## Task inputs
━━━━━━━━━━━━━━━━━━━━━━━━━━━━━━
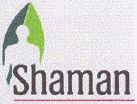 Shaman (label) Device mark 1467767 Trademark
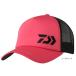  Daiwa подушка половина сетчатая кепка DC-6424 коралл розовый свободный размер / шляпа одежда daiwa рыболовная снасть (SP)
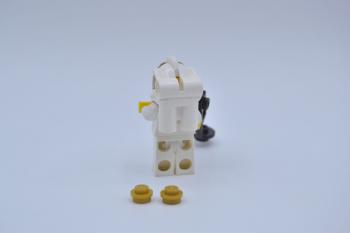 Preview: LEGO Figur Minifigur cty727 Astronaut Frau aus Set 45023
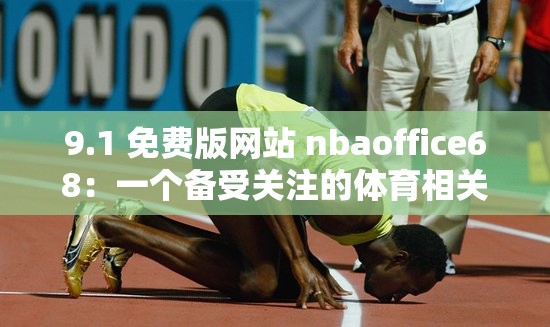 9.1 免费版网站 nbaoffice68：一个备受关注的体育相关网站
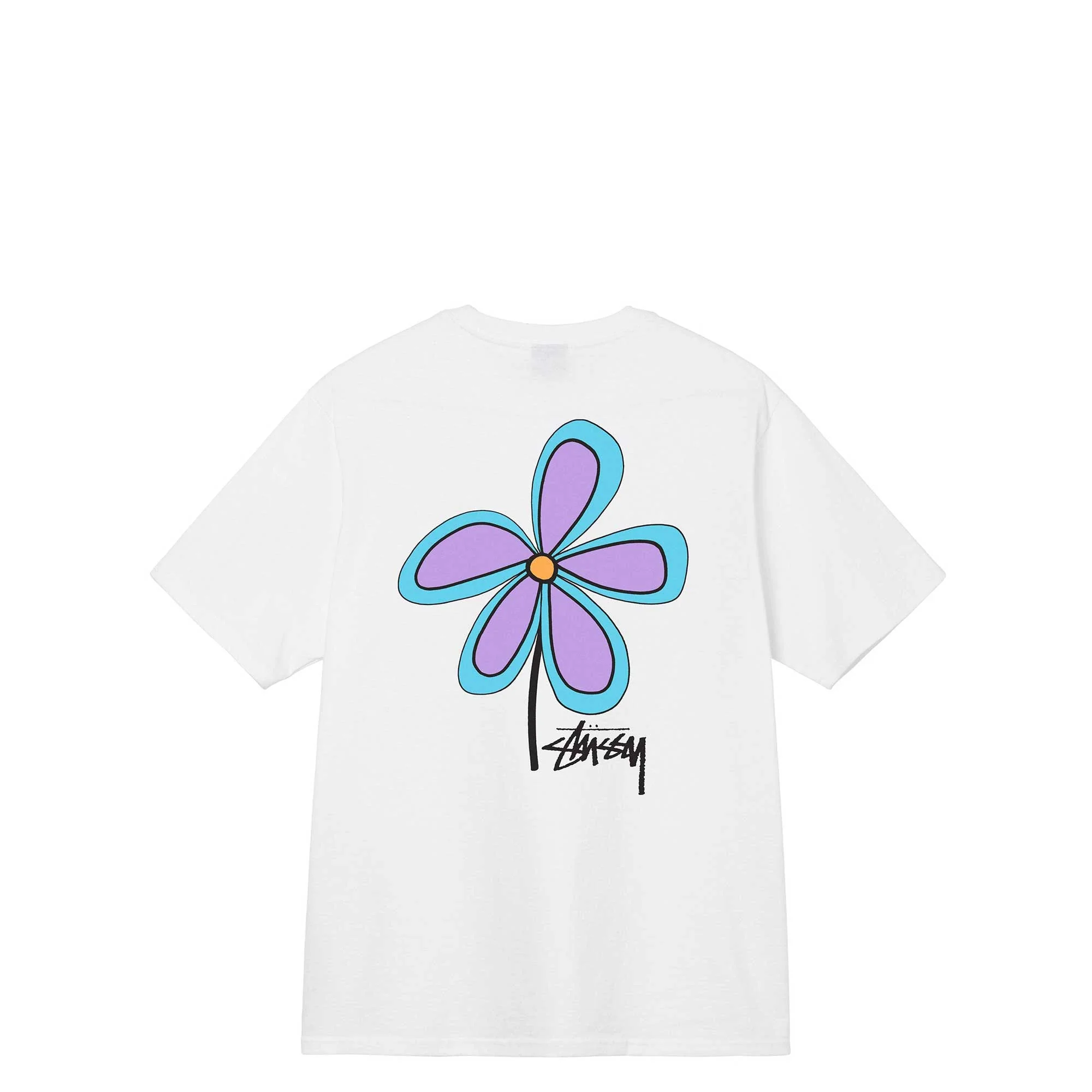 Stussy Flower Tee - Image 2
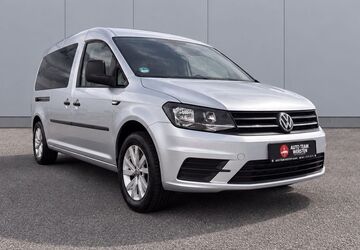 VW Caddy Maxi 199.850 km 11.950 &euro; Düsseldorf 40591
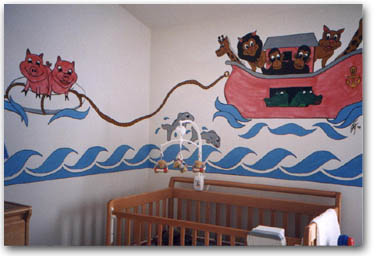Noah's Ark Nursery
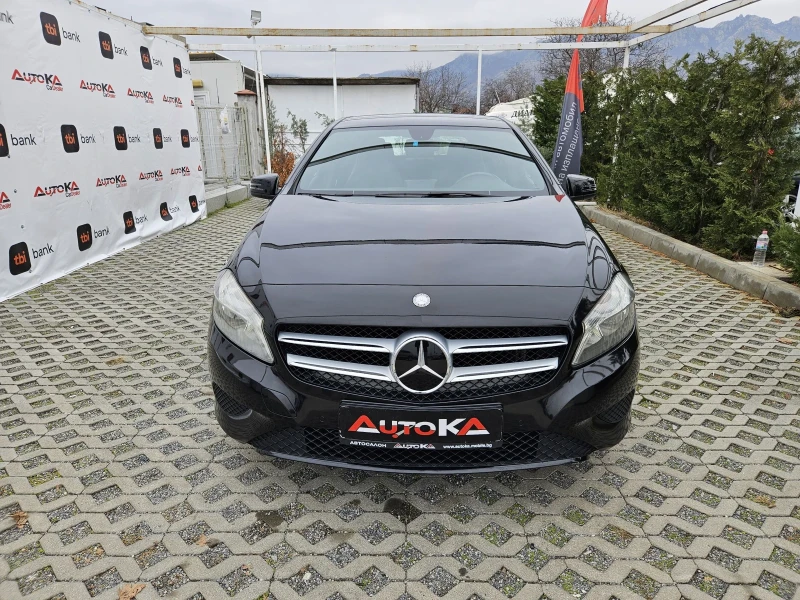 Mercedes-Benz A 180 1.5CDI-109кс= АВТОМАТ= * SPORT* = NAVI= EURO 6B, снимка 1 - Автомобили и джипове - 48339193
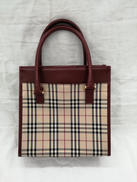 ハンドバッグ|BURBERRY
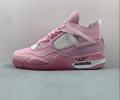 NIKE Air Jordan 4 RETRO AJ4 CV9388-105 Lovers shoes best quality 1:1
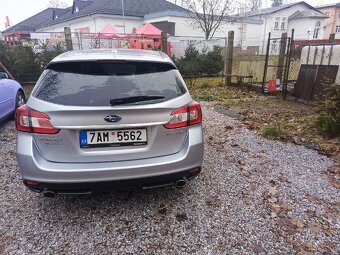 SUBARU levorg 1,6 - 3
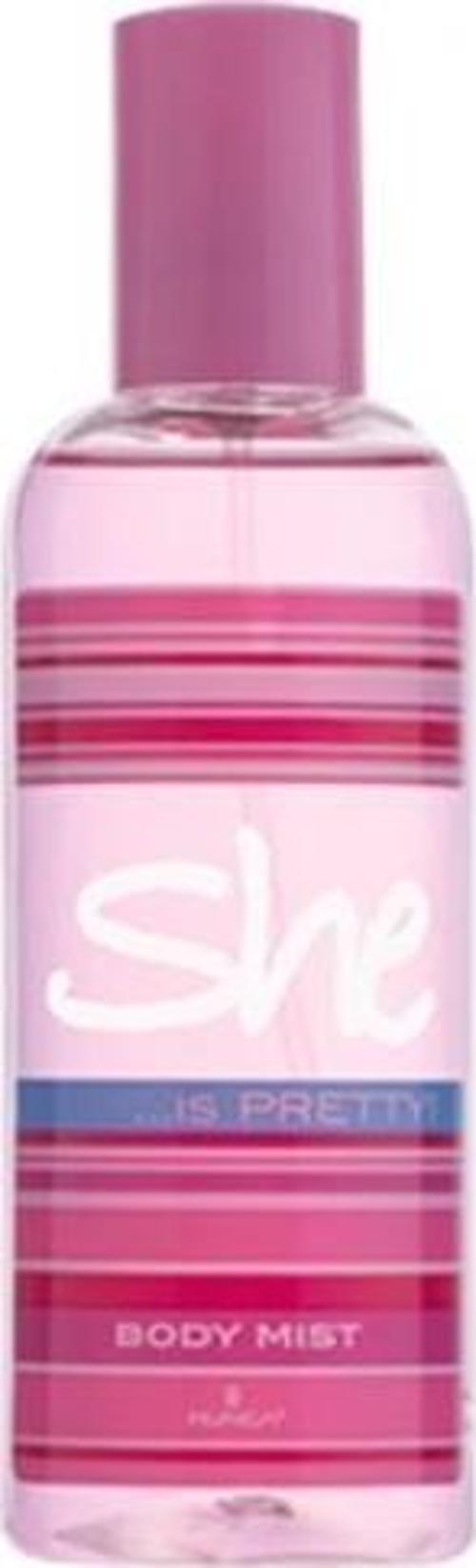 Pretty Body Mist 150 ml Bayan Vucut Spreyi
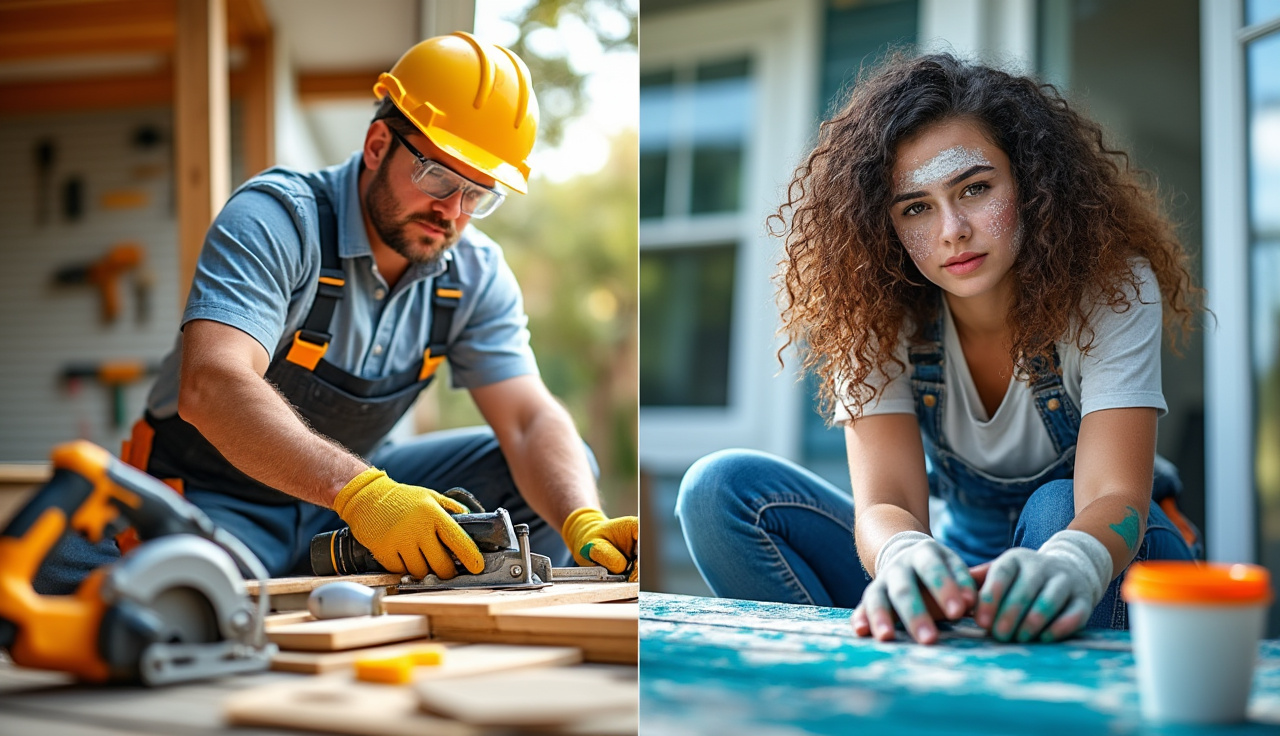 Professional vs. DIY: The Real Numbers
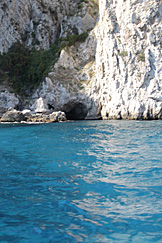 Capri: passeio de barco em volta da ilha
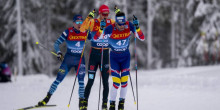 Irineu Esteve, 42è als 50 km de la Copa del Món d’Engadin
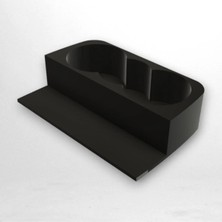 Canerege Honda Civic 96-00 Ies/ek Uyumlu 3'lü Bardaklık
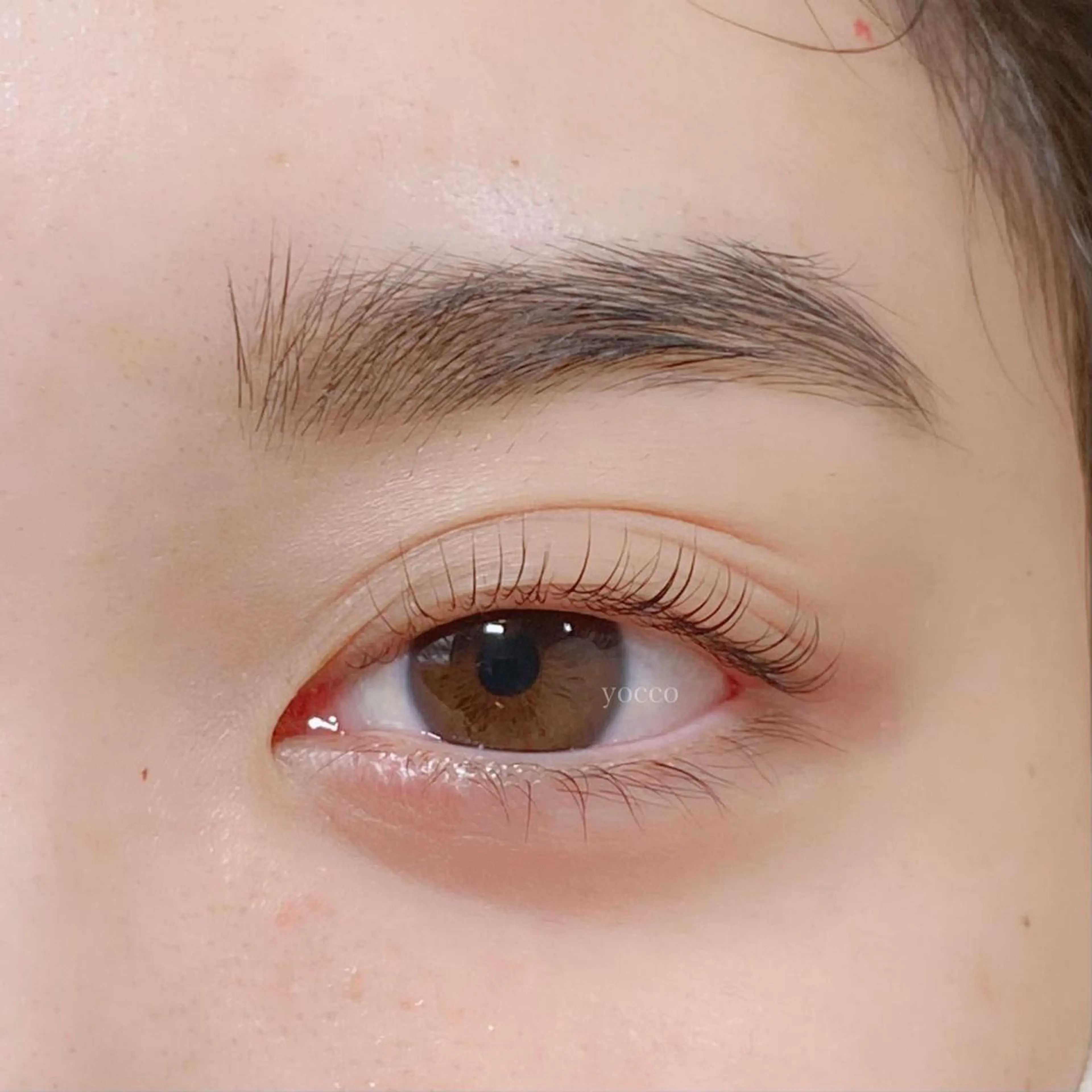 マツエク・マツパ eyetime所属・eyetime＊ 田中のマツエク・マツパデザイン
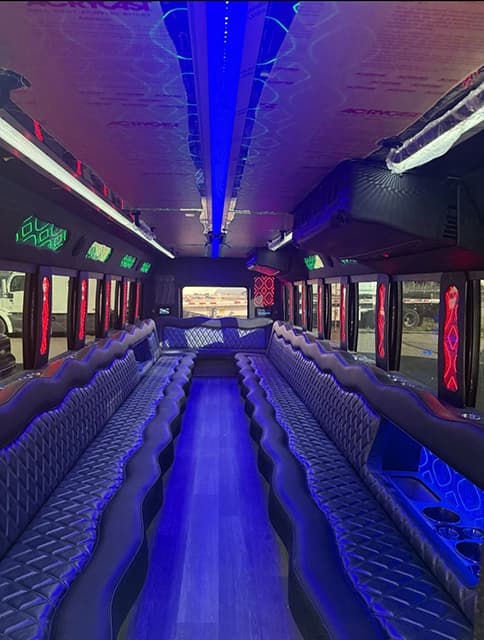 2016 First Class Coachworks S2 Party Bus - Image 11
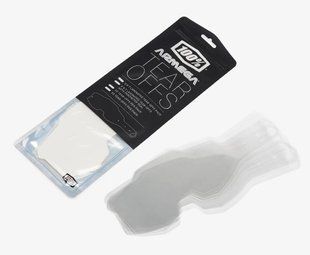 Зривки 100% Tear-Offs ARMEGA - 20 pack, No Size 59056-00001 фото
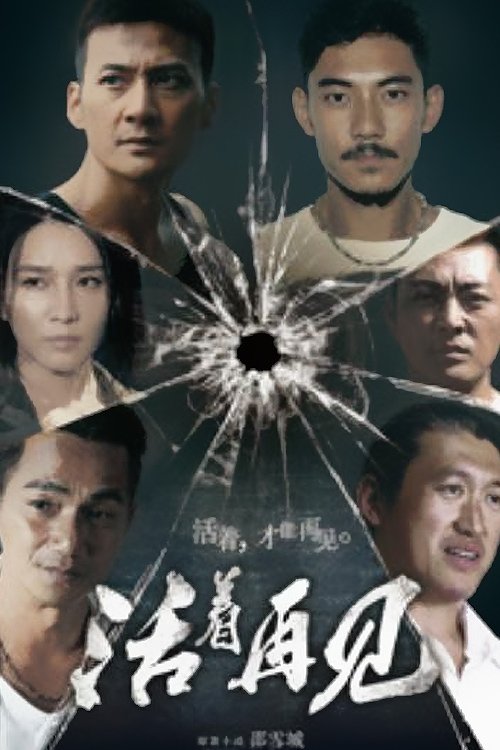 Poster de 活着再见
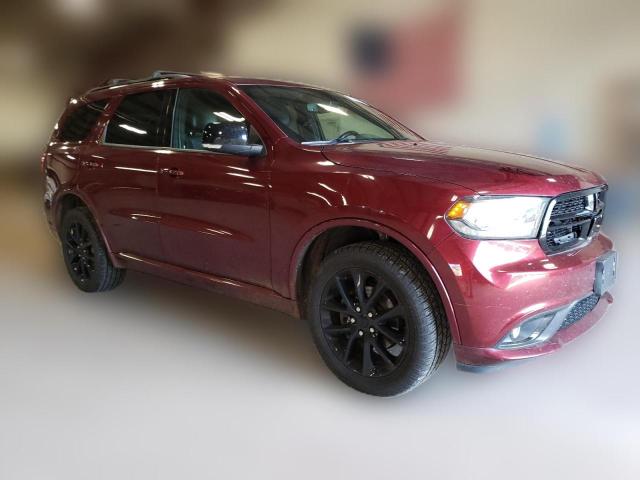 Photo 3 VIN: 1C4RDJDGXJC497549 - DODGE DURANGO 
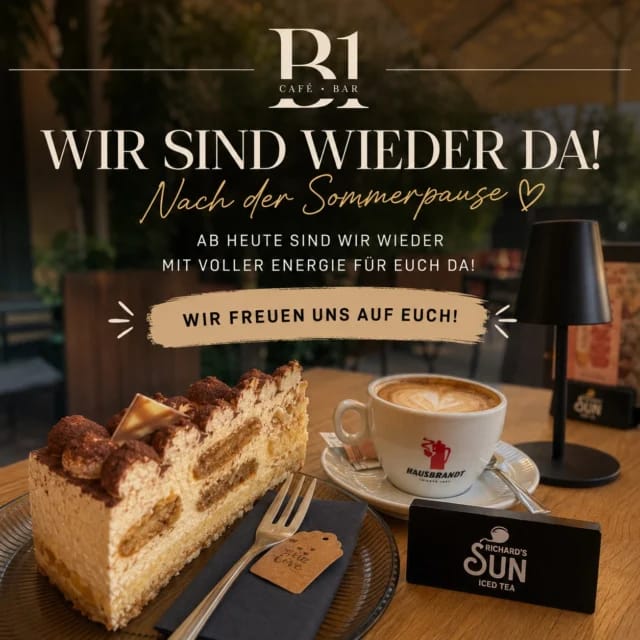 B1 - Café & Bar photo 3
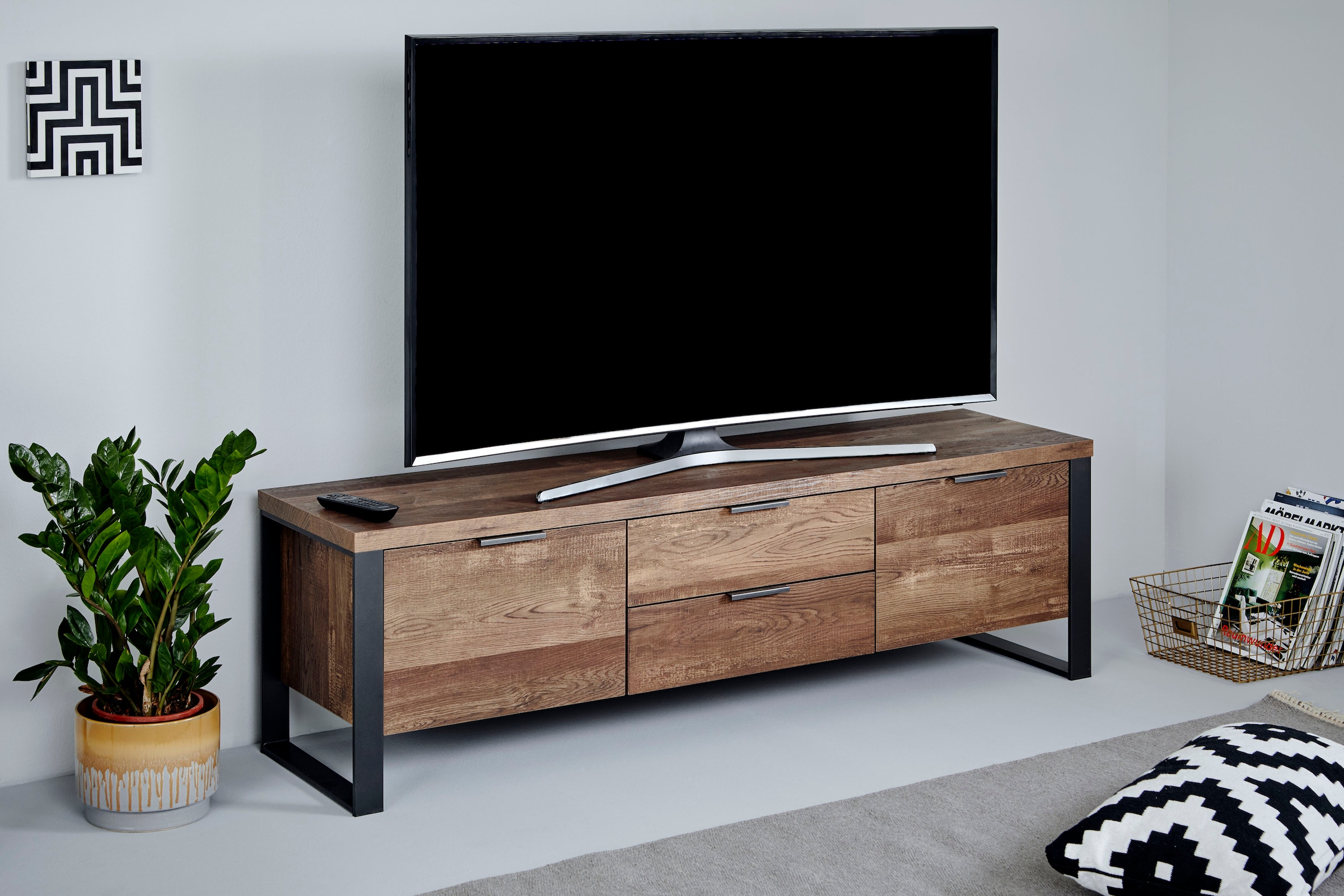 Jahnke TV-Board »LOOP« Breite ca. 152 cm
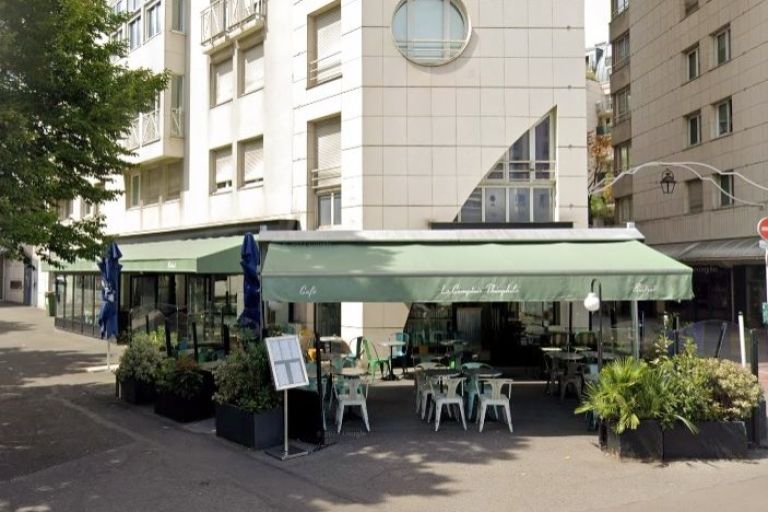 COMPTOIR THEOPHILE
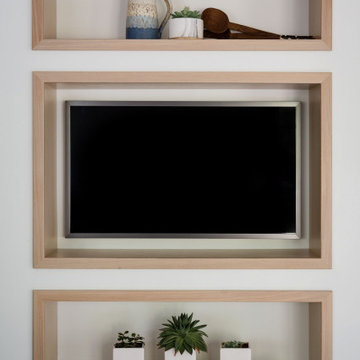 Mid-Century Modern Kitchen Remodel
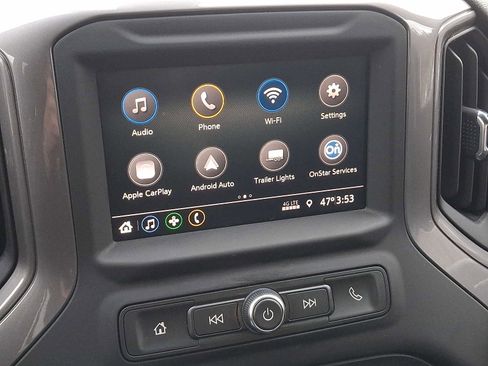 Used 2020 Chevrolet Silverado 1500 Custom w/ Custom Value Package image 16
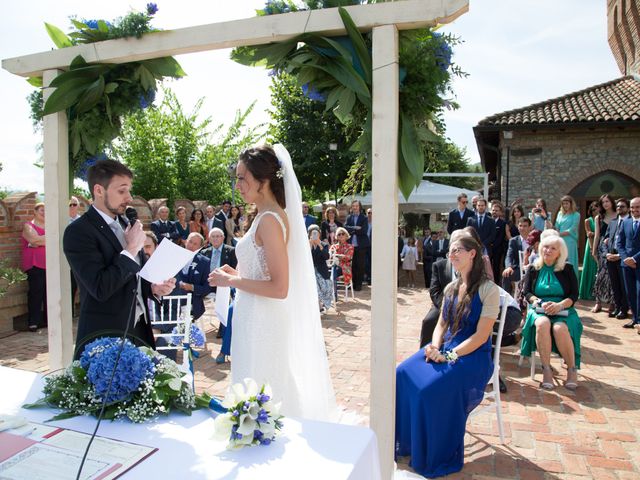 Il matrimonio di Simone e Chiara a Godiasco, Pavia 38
━━━━━━━━━━━━━━━━━━━━━━━━━━━━━━
## Exercise directions
When copying the records above, please match them exactly but leave out all pictures.

## Reply
 Shaman (label) Device mark 1467767 Trademark
  Daiwa подушка половина сетчатая кепка DC-6424 коралл розовый свободный размер / шляпа одежда daiwa рыболовная снасть (SP)
 Preview: LEGO Figur Minifigur cty727 Astronaut Frau aus Set 45023
 9.1 免费版网站 nbaoffice68：一个备受关注的体育相关网站
 Stussy Flower Tee - Image 2
 VW Caddy Maxi 199.850 km 11.950 &euro; Düsseldorf 40591
Noah's Ark Nursery
 Mercedes-Benz A 180 1.5CDI-109кс= АВТОМАТ= * SPORT* = NAVI= EURO 6B, снимка 1 - Автомобили и джипове - 48339193
 ハンドバッグ|BURBERRY
 NIKE Air Jordan 4 RETRO AJ4 CV9388-105 Lovers shoes best quality 1:1
 SUBARU levorg 1,6 - 3
 Pretty Body Mist 150 ml Bayan Vucut Spreyi
 Professional vs. DIY: The Real Numbers
 Capri: passeio de barco em volta da ilha
 Irineu Esteve, 42è als 50 km de la Copa del Món d’Engadin
 Canerege Honda Civic 96-00 Ies/ek Uyumlu 3'lü Bardaklık
 マツエク・マツパ eyetime所属・eyetime＊ 田中のマツエク・マツパデザイン
 2016 First Class Coachworks S2 Party Bus - Image 11
 Зривки 100% Tear-Offs ARMEGA - 20 pack, No Size 59056-00001 фото
 Poster de 活着再见
 Photo 3 VIN: 1C4RDJDGXJC497549 - DODGE DURANGO 
 B1 - Café & Bar photo 3
 Jahnke TV-Board »LOOP« Breite ca. 152 cm
 COMPTOIR THEOPHILE
 Mid-Century Modern Kitchen Remodel
 Used 2020 Chevrolet Silverado 1500 Custom w/ Custom Value Package image 16
 Il matrimonio di Simone e Chiara a Godiasco, Pavia 38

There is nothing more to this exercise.